▶ Data for analysis:
⁂

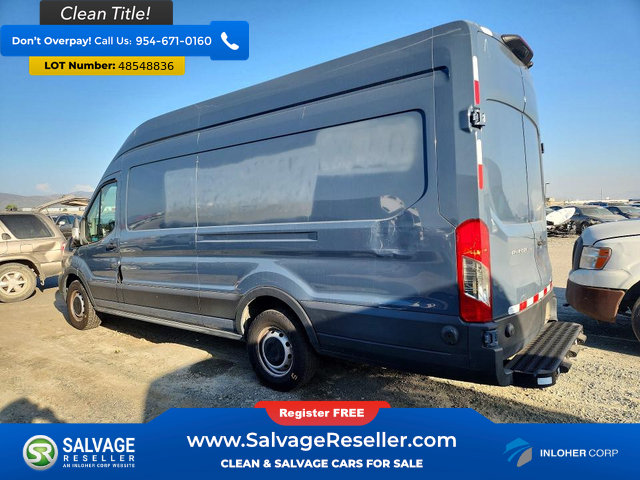 Used 2020 Ford Transit 250 148 High Roof Extended RWD image 3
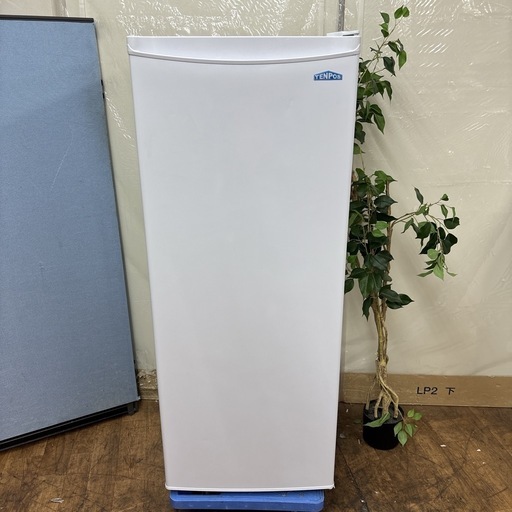 I743 ? ジモティー限定価格！ TENPOS 冷凍ストッカー (152L) ⭐ 動作確認済 ⭐ クリーニング済
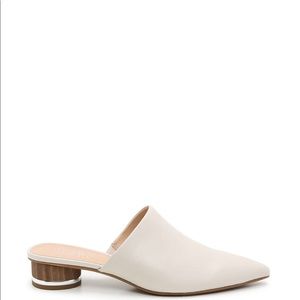 Franco Sarto Viola Mule Metallic Heel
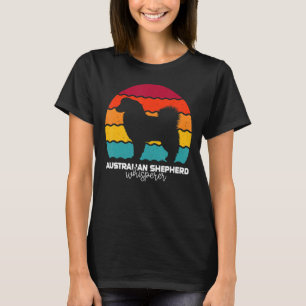 Camiseta Retro-Vintage (Retro-Desportivo) Pastor Australian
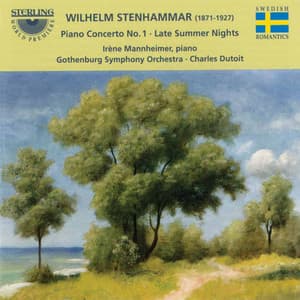 Stenhammar: Piano Concerto No.1 - Wilhelm Stenhammar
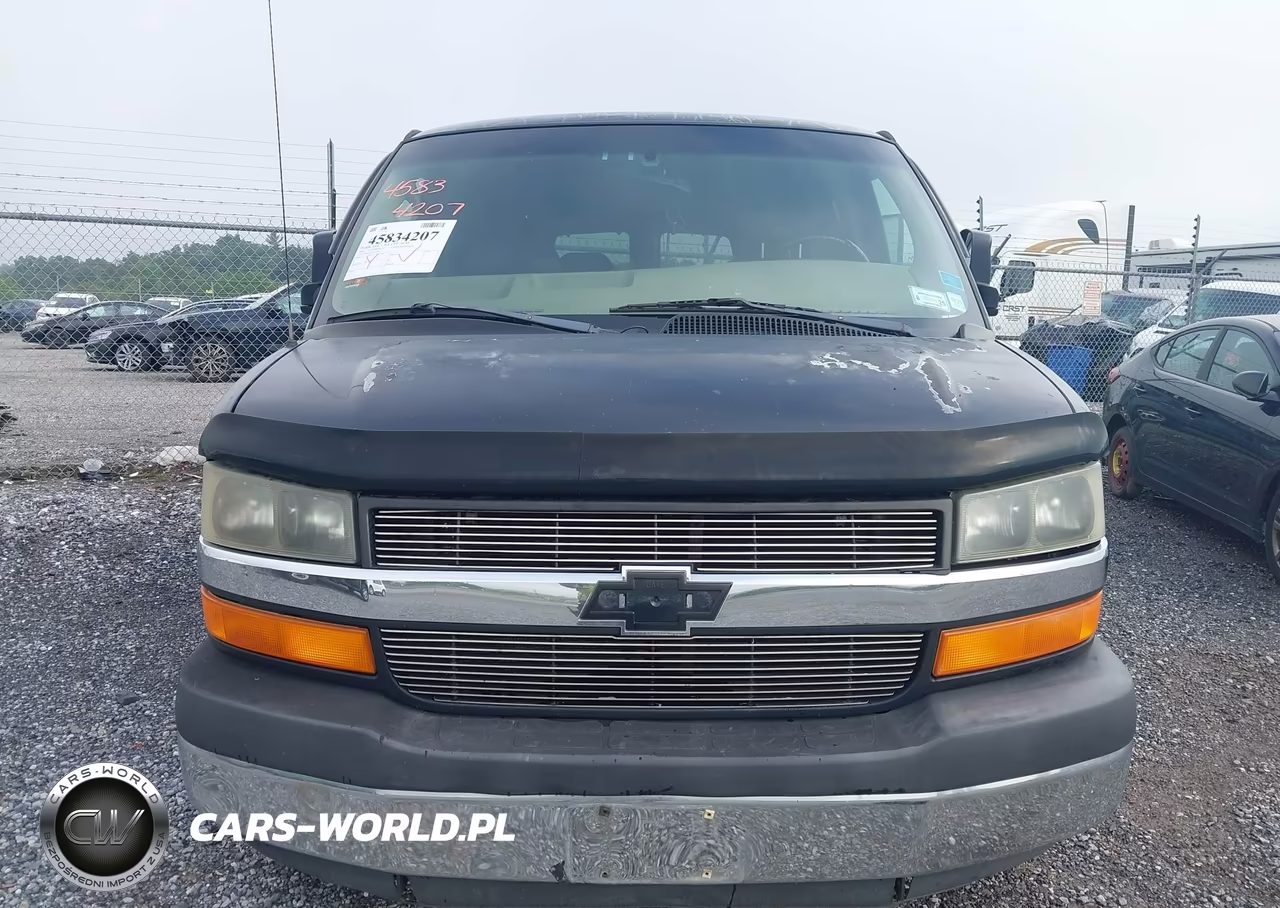 2004 Chevrolet Express Passenger VIN:1GBFH15T441155599 - 6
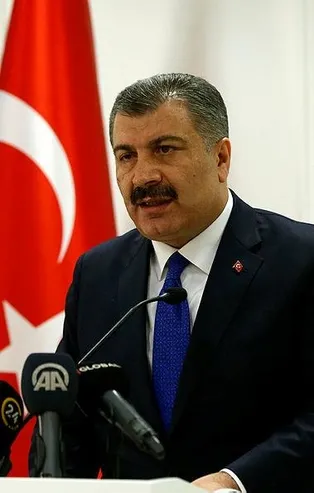 Son dakika: Sağlık Bakanı Fahrettin Koca'dan flaş salgın açıklaması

⁂

Copy the entries above verbatim. Pictures do not belong in the copy.

▶ Output of the task:
 Used 2020 Ford Transit 250 148 High Roof Extended RWD image 3
 I743 ? ジモティー限定価格！ TENPOS 冷凍ストッカー (152L) ⭐ 動作確認済 ⭐ クリーニング済
 Franco Sarto Viola Mule Metallic Heel
 Camiseta Retro-Vintage (Retro-Desportivo) Pastor Australian
 Stenhammar: Piano Concerto No.1 - Wilhelm Stenhammar
 2004 Chevrolet Express Passenger VIN:1GBFH15T441155599 - 6
 Son dakika: Sağlık Bakanı Fahrettin Koca'dan flaş salgın açıklaması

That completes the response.